Juggling unix child processes

created: 2022-06-13 00:41:39 UTC
modified: 2022-06-23 17:44:05 UTC
tagged: programming, linux, unix, c

I started writing a C program, sockterm, a couple of days ago that creates a socket and runs shell scripts sent to it by other processes through that socket. The idea is that you can open a pseudoterminal in your favorite window manager/terminal multiplexer and decide what program to put in it whenever convenient, for example to run a compiler for some source code when you trigger a keybinding.

sockterm

Sockterm has to reliably detect both when there's an update on the socket and when the currently running program has died. A newly sent shell script is allowed to replace a currently running one, and a program can connect to the socket and be notified if the child process dies or is replaced by someone else, so waiting for both socket updates and child process updates need to happen simultaneously. The socket events can be handled with poll , and EINTR can be handled to check if a SIGCHLD was sent.
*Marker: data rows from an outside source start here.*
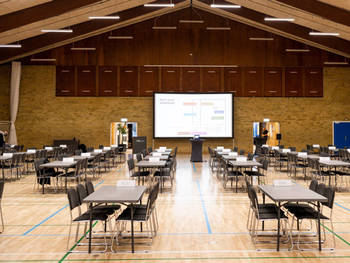 Køge Nord Sport Center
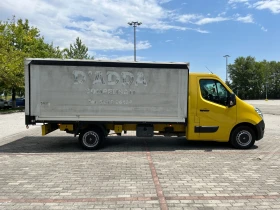 Renault Master 35S15 - KM 63.000* - ��������� - ���� ��� | Mobile.bg � ����� ������ 8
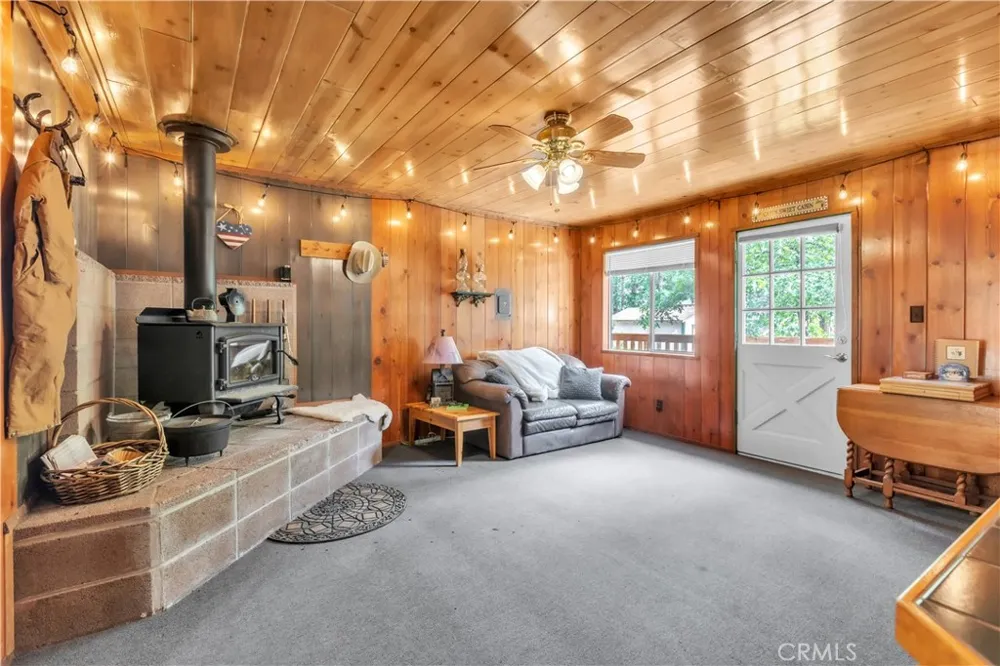 7515 Abner Lane Forest Ranch, CA 95942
// remember what signal was caught
int raised_signal = -1;
void signal_handler(int signal)
{
	raised_signal = signal;
}

and later:

if(poll(fds, nfds, -1) == -1) {
	if(errno == EINTR && raised_signal == SIGCHLD) {
		// handle the zombie process
	}
}

This only works, however, if the child process dies while poll is blocking. If it happens any other time, then the fate of the child will be unknown to sockterm. This could be solved by handling the dead child in the signal handler function instead of from poll, but that would open up a whole range of race conditions. We need to be able to decide when and how one of these events will sent without missing any. So instead, I did what poll does best, and used another file descriptor. Specifically, a pipe.

void signal_handler(int signal)
{
	raised_signal = signal;
	if(raised_sig == SIGCHLD) {
		write(pspipe[1], "n", 1);
	}
}

Update: I didn't think I came up with a revolutionary solution, and I was right.

People came up with this in the 1990's.

This way, pspipe , a previously created pipe, will have new data ready whenever a SIGCHLD is caught, and poll can detect that if it isn't blocking when the signal is sent. Then, once it's detected, poll can just read all the pending data from the pipe so the event isn't triggered again instantly next poll, and handle the event. This introduces a nice selection of potential race conditions too, though, such as if a new signal is sent while the current one is being handled after poll , or if multiple are sent before poll runs a gain, but it can probably be made workable, despite the fact that it's probably very bug-ridden in it's current state.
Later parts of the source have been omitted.